The idea of projection pursuit is to locate the projection or projections from high-dimensional space to low-dimensional space that reveal the most details about the structure of the data set. Once an interesting set of projections has been found, existing structures (clusters, surfaces, etc.) can be extracted and analyzed separately.

Projection pursuit has been widely used for blind source separation, so it is very important in independent component analysis. Projection pursuit seeks one projection at a time such that the extracted signal is as non-Gaussian as possible.

== History ==
Projection pursuit technique were originally proposed and experimented by Kruskal. Related ideas occur in Switzer (1970) "Numerical classification" pp31–43 in "Computer Applications in the Earth Sciences: Geostatistics, and Switzer and Wright (1971) "Numerical classification of eocene nummulitids," Mathematical Geology pp 297–311. The first successful implementation is due to Jerome H. Friedman and John Tukey (1974), who named projection pursuit.

The original purpose of projection pursuit was to machine-pick "interesting" low-dimensional projections of a high-dimensional point cloud by numerically maximizing a certain objective function or projection index.

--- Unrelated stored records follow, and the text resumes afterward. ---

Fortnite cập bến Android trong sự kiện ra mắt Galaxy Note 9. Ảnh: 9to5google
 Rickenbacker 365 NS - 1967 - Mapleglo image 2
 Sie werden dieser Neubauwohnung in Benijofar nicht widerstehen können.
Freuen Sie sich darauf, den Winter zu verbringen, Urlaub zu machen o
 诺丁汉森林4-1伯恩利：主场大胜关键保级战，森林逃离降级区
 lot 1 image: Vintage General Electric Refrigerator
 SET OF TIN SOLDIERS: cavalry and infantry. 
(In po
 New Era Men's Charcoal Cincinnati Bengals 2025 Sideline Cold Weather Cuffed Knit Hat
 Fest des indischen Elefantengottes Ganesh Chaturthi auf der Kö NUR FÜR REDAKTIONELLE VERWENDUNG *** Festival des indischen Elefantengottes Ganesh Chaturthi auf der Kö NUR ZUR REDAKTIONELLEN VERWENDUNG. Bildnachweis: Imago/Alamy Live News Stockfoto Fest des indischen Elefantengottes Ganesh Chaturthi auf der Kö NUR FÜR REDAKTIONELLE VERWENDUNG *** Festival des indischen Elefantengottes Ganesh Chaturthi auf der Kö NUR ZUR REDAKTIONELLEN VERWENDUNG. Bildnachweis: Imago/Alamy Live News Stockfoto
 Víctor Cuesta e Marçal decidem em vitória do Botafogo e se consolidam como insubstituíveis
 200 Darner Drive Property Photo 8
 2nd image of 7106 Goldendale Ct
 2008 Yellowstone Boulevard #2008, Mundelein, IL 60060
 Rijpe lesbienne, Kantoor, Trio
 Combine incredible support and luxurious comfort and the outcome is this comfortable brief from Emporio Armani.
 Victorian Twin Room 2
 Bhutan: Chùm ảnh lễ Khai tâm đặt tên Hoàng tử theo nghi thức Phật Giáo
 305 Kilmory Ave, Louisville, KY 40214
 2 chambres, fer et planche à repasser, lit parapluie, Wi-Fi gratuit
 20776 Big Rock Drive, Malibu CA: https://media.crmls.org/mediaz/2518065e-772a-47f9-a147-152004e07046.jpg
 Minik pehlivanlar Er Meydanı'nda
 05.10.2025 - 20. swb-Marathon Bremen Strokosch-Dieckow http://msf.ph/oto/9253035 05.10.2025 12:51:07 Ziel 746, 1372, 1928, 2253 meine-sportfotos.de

Several years later, Friedman and Stuetzle extended the idea behind projection pursuit and added projection pursuit regression (PPR), projection pursuit classification (PPC), and projection pursuit density estimation (PPDE).

== Feature ==
The most exciting feature of projection pursuit is that it is one of the very few multivariate methods able to bypass the "curse of dimensionality" caused by the fact that high-dimensional space is mostly empty. In addition, projection pursuit is able to ignore irrelevant (i.e. noisy and information-poor) variables. This is a distinct advantage over methods based on interpoint distances like minimal spanning trees, multidimensional scaling and most clustering techniques.

Many of the methods of classical multivariate analysis turn out to be special cases of projection pursuit. Examples are principal component analysis and discriminant analysis, and the quartimax and oblimax methods in factor analysis.

One serious drawback of projection pursuit methods is their high demand on computer time.